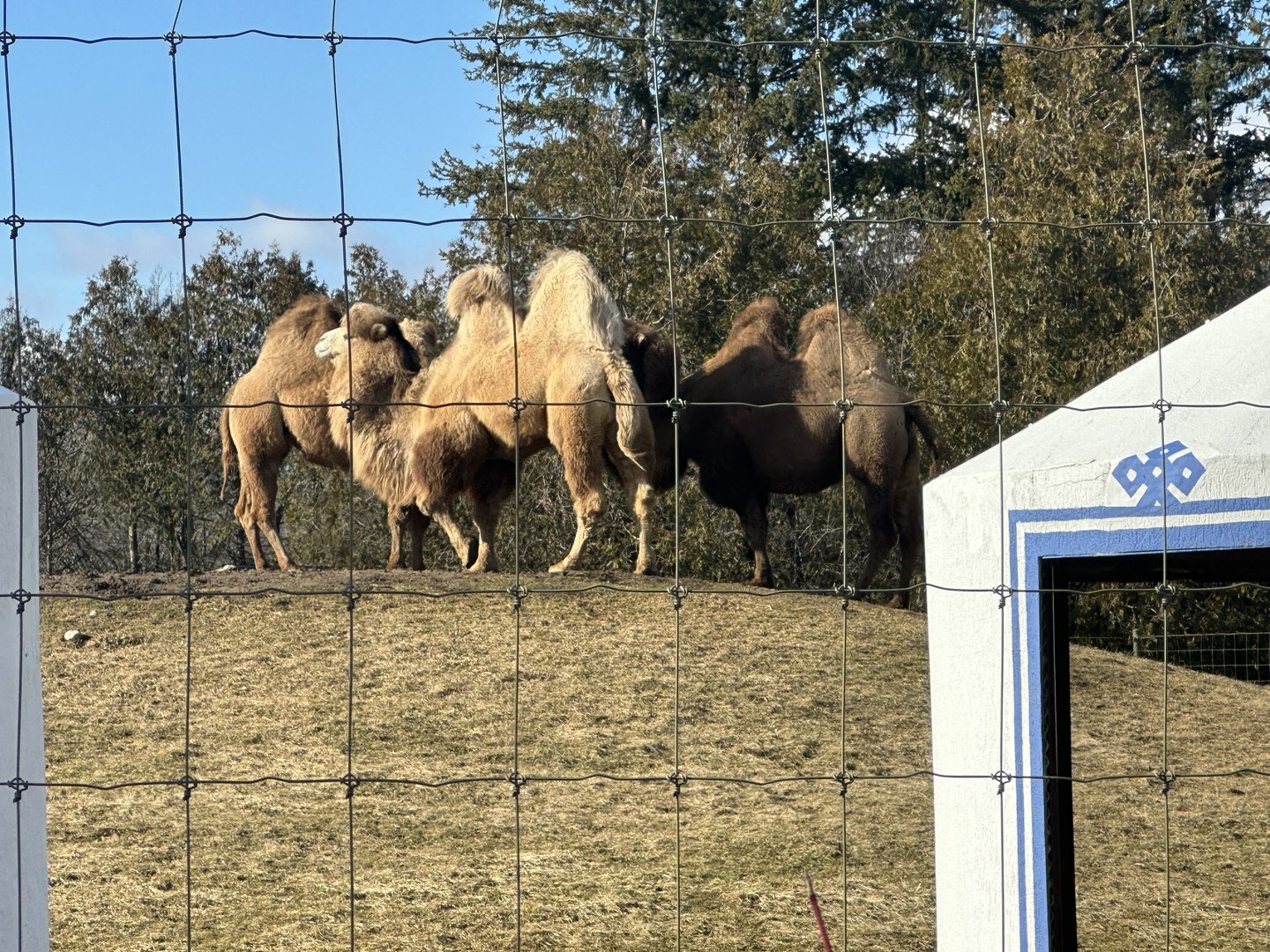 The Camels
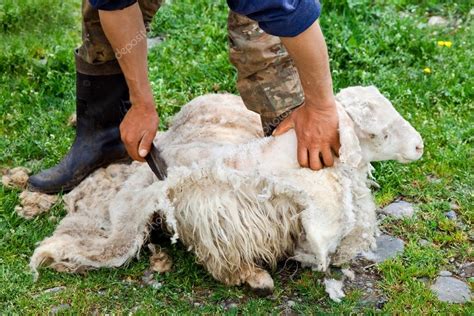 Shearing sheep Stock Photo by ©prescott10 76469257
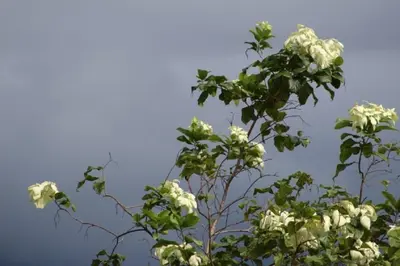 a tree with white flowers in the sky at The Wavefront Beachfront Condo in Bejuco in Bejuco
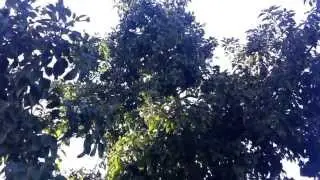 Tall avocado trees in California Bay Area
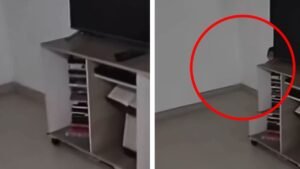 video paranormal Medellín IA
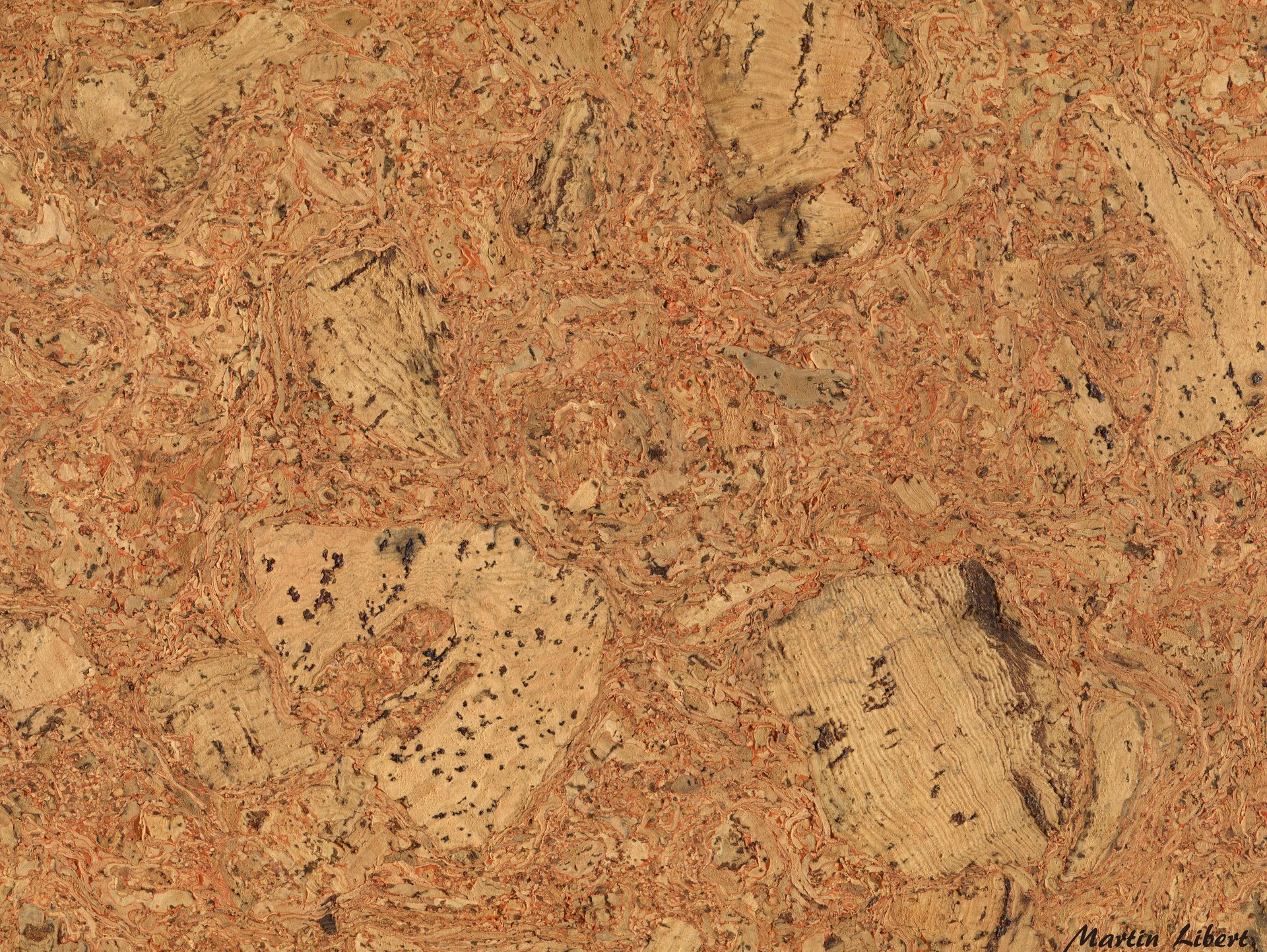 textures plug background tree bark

#### Problem to work on
Each entry must be reproduced word for word, and any image among them left out.

#### Task response
 The Camels
 Shearing sheep Stock Photo by ©prescott10 76469257
 a tree with white flowers in the sky at The Wavefront Beachfront Condo in Bejuco in Bejuco
 Tall avocado trees in California Bay Area
 video paranormal Medellín IA
 textures plug background tree bark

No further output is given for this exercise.